§ PROVIDED RECORDS
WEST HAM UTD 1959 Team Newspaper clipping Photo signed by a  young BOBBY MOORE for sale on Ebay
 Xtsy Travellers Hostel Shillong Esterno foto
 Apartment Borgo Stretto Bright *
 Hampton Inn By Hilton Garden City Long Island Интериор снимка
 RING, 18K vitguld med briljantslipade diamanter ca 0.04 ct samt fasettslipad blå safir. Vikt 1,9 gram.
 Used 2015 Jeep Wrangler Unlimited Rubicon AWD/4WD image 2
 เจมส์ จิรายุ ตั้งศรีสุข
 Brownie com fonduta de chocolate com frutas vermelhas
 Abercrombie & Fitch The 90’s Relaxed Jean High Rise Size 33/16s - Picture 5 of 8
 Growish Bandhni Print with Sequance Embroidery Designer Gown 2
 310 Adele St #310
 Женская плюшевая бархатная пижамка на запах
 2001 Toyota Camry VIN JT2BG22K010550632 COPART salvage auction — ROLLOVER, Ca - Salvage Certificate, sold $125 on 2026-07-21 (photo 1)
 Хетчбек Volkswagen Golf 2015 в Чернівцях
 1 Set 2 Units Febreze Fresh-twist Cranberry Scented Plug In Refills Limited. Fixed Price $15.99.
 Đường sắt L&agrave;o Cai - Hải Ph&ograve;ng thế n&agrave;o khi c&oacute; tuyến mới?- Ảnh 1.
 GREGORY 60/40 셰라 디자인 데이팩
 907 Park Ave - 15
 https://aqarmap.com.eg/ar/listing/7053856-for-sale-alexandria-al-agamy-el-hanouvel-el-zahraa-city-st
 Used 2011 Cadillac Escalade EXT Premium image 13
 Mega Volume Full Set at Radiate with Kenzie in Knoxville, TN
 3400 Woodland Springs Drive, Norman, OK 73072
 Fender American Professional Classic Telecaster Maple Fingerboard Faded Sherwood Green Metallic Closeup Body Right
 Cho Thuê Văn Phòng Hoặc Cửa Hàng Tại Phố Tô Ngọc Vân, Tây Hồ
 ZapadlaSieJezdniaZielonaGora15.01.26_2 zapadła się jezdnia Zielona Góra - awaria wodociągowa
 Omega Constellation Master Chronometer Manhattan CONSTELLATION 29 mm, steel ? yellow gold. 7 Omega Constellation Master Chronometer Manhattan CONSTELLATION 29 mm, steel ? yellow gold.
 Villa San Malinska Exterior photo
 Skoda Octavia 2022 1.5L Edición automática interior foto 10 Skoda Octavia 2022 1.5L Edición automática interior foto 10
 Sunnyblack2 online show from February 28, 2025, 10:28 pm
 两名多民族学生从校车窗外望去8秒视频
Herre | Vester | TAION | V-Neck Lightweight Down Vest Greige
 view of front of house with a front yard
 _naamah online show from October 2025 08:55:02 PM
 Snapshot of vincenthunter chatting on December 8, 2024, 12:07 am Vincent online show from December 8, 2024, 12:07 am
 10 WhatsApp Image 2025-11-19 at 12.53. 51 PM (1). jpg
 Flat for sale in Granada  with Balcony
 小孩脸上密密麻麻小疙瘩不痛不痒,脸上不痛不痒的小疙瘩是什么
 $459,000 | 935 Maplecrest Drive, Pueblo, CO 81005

§ PROBLEM REQUIREMENTS
All lines above from the one holding "Fender American Professional" to the one holding "foto 10 Skoda", inclusive, are to be copied exactly; no other line is wanted.

§ SOLVED EXERCISE
 Fender American Professional Classic Telecaster Maple Fingerboard Faded Sherwood Green Metallic Closeup Body Right
 Cho Thuê Văn Phòng Hoặc Cửa Hàng Tại Phố Tô Ngọc Vân, Tây Hồ
 ZapadlaSieJezdniaZielonaGora15.01.26_2 zapadła się jezdnia Zielona Góra - awaria wodociągowa
 Omega Constellation Master Chronometer Manhattan CONSTELLATION 29 mm, steel ? yellow gold. 7 Omega Constellation Master Chronometer Manhattan CONSTELLATION 29 mm, steel ? yellow gold.
 Villa San Malinska Exterior photo
 Skoda Octavia 2022 1.5L Edición automática interior foto 10 Skoda Octavia 2022 1.5L Edición automática interior foto 10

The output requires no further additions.